1. The reason i split the interview class is to provide unqie sets of Outcome..

eg:
In the audition, the criteria that an interview is differencent from Directive interview

Audtion
check for
1. Technical skills
2. Documenting skills
3. Team work spirit

In Directive
1. Management skills
2. HR skills
3. Financial skills

therefore in the interview class i have to include
attributes:
1. Technical skills
2. Documenting skills
3. Team work spirit
4. Management skills
5. HR skills
6. Financial skills

if the interview include 100 things to test becuase of generalization then the class will really long....

that's why i've split interview to several interview classes.

Is this not neccessary?

Thanks

son-of-sargasso

  • EA User
  • **
  • Posts: 122
  • Karma: +0/-0
    • View Profile
Re: Do you guys review diagrams?
« Reply #5 on: November 16, 2009, 02:40:27 pm »
Probably.  This is what I mean by "whats your objective?"  We can't read your mind and this information isn't in the diagram.

The word "review" is an English imperative with IMO zero meaning.  We can't comment on a diagram unless the context of the model is known.  ("The diagram is not the model!")

Ask specific questions, as you are starting to do.

From your last post, I can see at least three different answers, the most appropriate of which would depend on the context.  For example, I still can't see any difference between these "skills" attributes.

To me, looking at this in isolation an interview has a type (string) and a collection (0..n) of skill outcomes.  A skill outcome has a type (string) and presumably some sort of mark_out_of_ten (int).  This would suggest that there are three classifiers (Interview, Skill and Outcome), ignoring of course the interviewee side of the model.

bruce

peter king

  • EA User
  • **
  • Posts: 20
  • Karma: +0/-0
    • View Profile
Re: Do you guys review diagrams?
« Reply #6 on: November 16, 2009, 03:24:44 pm »
Hi Friend,

My appologies for misunderstanding question, typically review means finding errors... however thanks for clarififcation and fixing the issues that makes the diagram complicated!

Thanks

Geert Bellekens

  • EA Guru
  • *****
  • Posts: 13523
  • Karma: +574/-33
  • Make EA work for YOU!
    • View Profile
    • Enterprise Architect Consultant and Value Added Reseller
Re: Do you guys review diagrams?
« Reply #7 on: November 16, 2009, 06:10:41 pm »
I can't see the diagram in question because it is blocked by our internet filter  :(, but I think the issue here is something that in general surfaces a lot.
The question here is whether to create a new subclass for each type, or provide a more general class with a type attribute of some kind.

Unfortunately there is no general rule to follow, it all depends on the specific circumstances of your design.

Reasons for making different subclasses include
  • The different types have a different behaviour
  • The different types are used differently.
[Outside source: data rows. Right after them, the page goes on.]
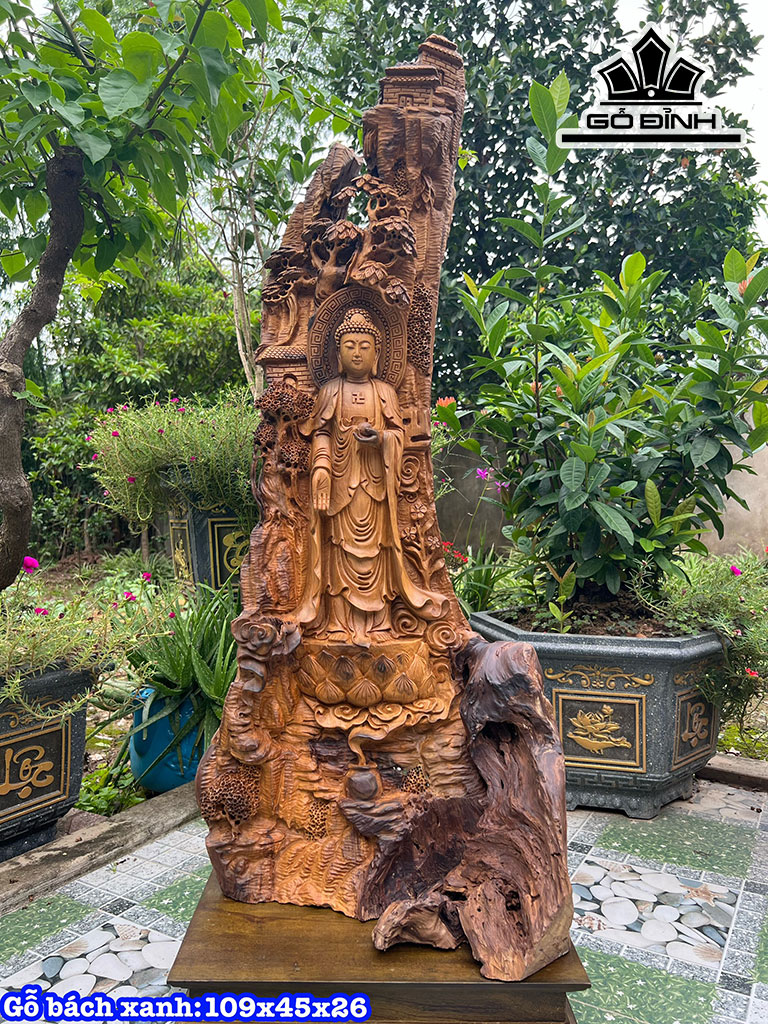 Tượng Phật Tổ Gỗ Bách Xanh Cao 109 Ngang 45 Sâu 26 (cm)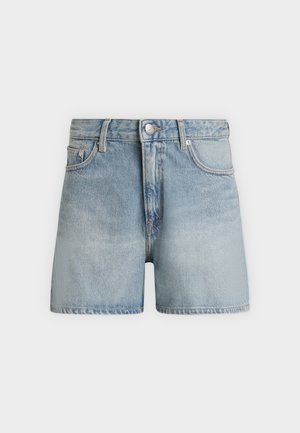 Light blue denim shorts with front button, zipper, belt loops, and front pockets, shown on a plain gray background.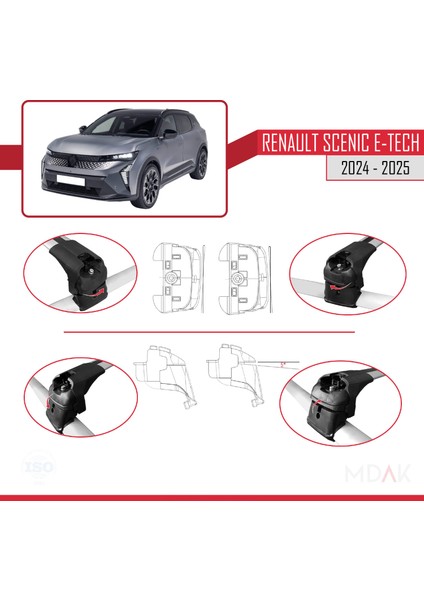 Renault Scenic E-Tech 2024-2025 Arası ile Uyumlu Ace-2 Ara Atkı Tavan Barı Gri 2 Adet fırsatları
If you see that you have a lot of operations with an implementation that hase a swith-case statement on the subtype of the class then it might be better to design them as subclasses. This allows you to create overloaded operations that only process one specific subtype of the class.
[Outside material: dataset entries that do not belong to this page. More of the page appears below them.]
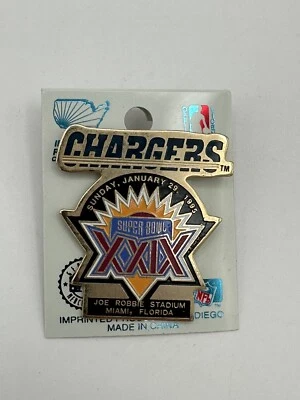 VINTAGE 90s NFL SUPER BOWL XXIX  SAN DIEGO LA CHARGERS LAPEL HAT COLLECTIBLE PIN - Image 1 of 4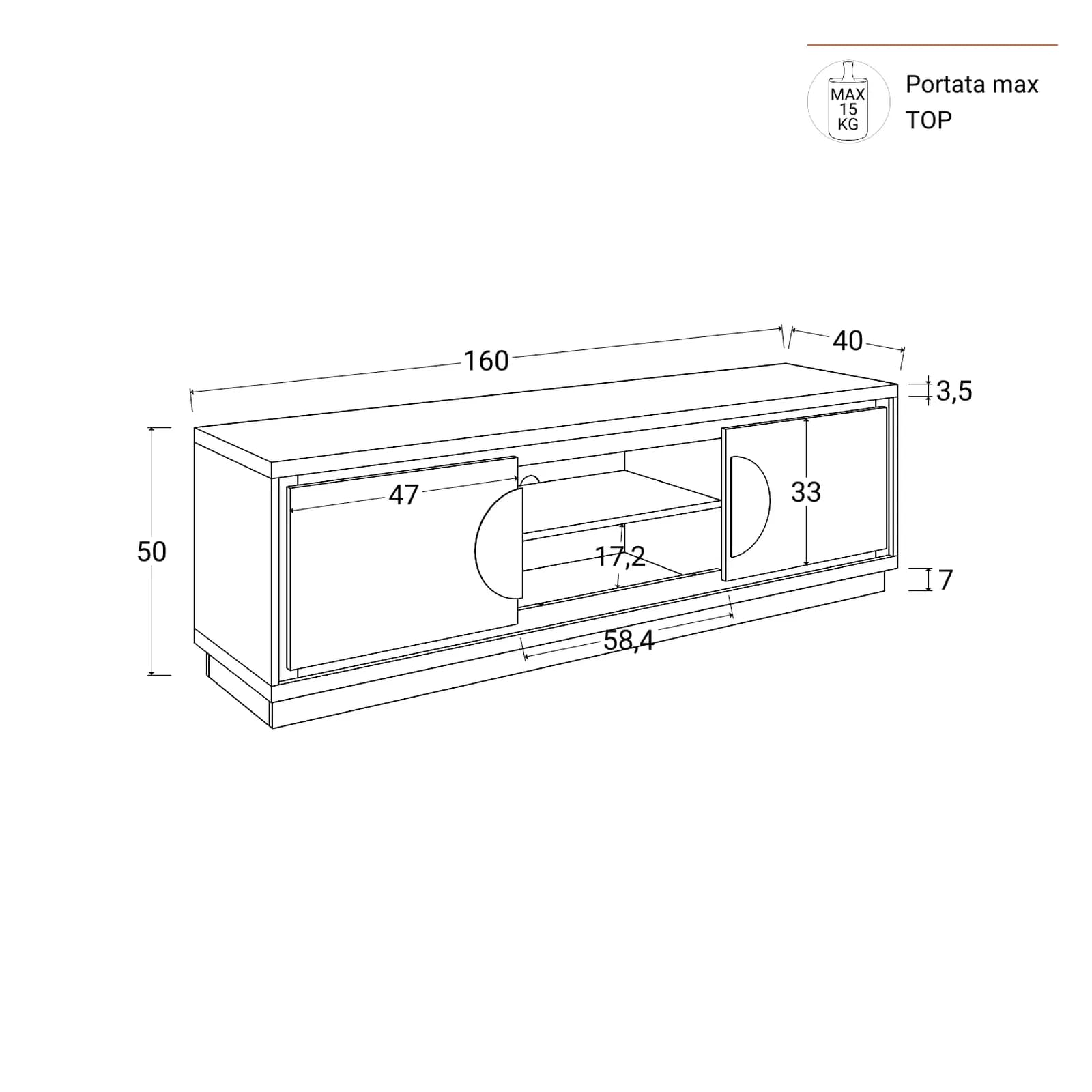 Mobile porta tv 160x50h cm in legno rovere amaretto con 2 ante e 2 vani a giorno - Maisie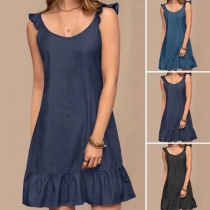 Fashion Round Neck Sleeveless Ruffle Hemline Mini Dress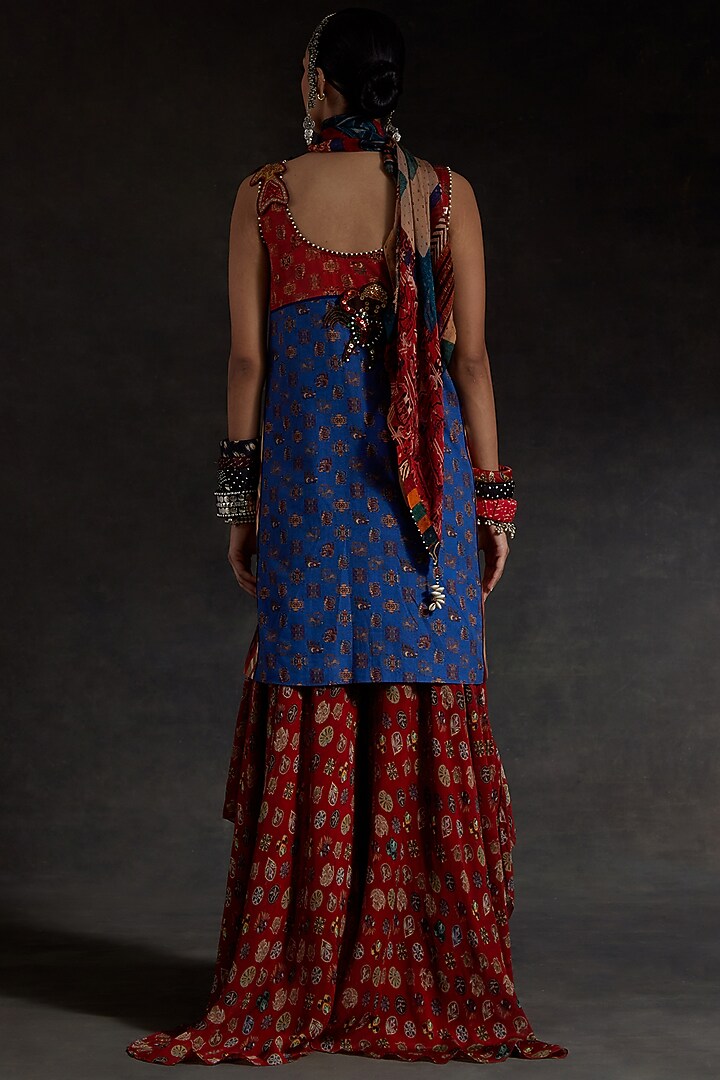 Multi-Colored Sheer Silk Printed & Embroidered Skirt Set by ASEEM KAPOOR at Pernia's Pop Up Shop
Reasons for using the a type attribute (or an association to a type class) include
  • The nature of the subtypes is dynamic -> you need to be able to create new subtypes at runtime.
  • The subtype of the class is only a classification, the behavior of the different subtypes is pretty much the same.
  • You expect a lot of different subtypes

Even when some subtypes have a different behavior from others, you might want to choose for the "type attribute" solution.
If this is the case it would probably be best to create a "type" class: like that defines the type of the class (because it has an association to it) and also defines the different aspects of its behavior.
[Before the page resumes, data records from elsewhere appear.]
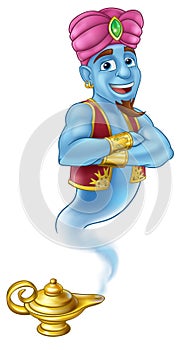Genie Magic Lamp Aladdin Pantomime Cartoon photo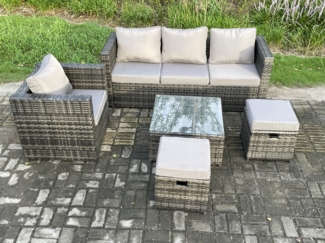 Fimous 5 PCS Lounge Sofa Set Wicker PE Rattan Gartenmöbel Set mit Sessel Square Couchtisch 2 Kleine Fußhocker Dunkelgrau Gemischt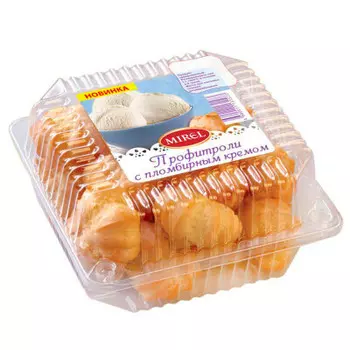 Пирожное профитроли с пломбирным кремом 180г Мирель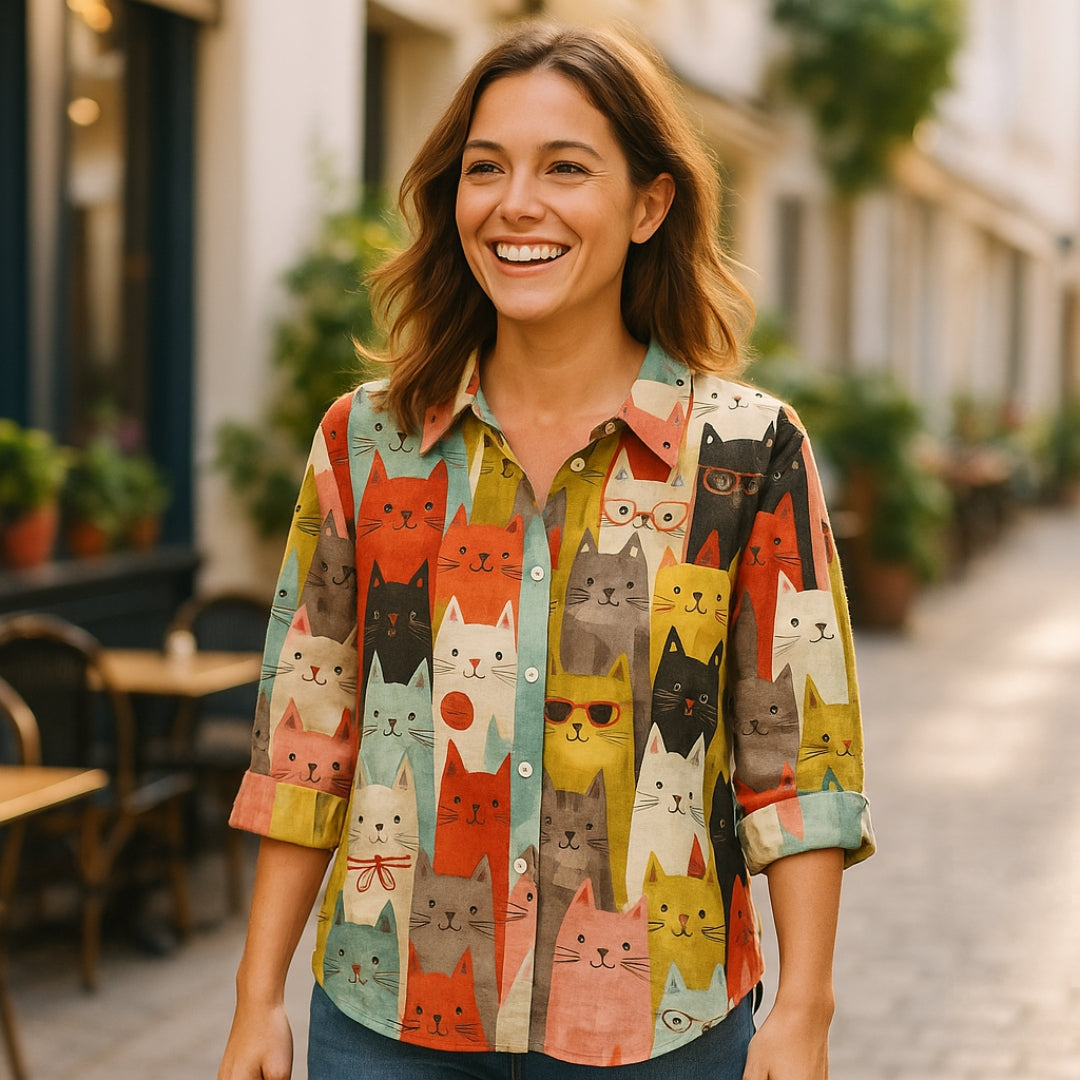 Chemise Amusante Avec Chiens Et Manches Longues - LuxeStyle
Usually in things like this the behavior of the different subtype can be divided in some categories: a set of types uses behavior "A" where another set uses behavior "B". If this is the case you might want to look at the Strategy pattern on how to achieve this.

But as Bruce already said, there is indeed no way for us the know which of these choices is best for you without knowing the whole context. The only thing we could do is review the diagram on the formal UML rules. Everything else depends on the the context.